• _Available data_
-.-.-
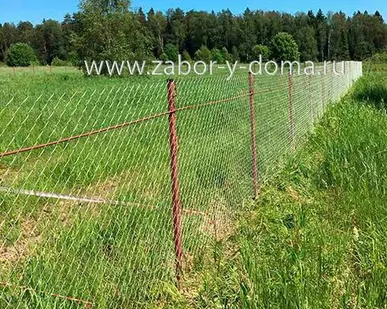 фото Забор из сетки рабицы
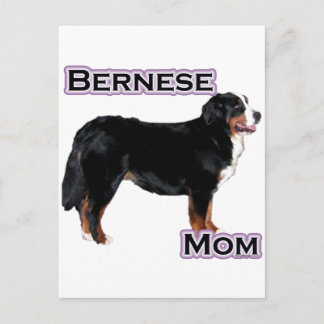 Bernese Mom 4 Postcard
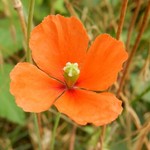 klasseshoppenmitspass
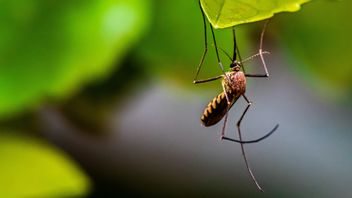 コロナウイルスの新しい変異体は、アフリカで新しいマラリア蚊の変異体を出現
-.-.-
Please write out all of the data verbatim, with no pictures in the copy.

 фото Забор из сетки рабицы
 Bernese Mom 4 Postcard
 klasseshoppenmitspass
 コロナウイルスの新しい変異体は、アフリカで新しいマラリア蚊の変異体を出現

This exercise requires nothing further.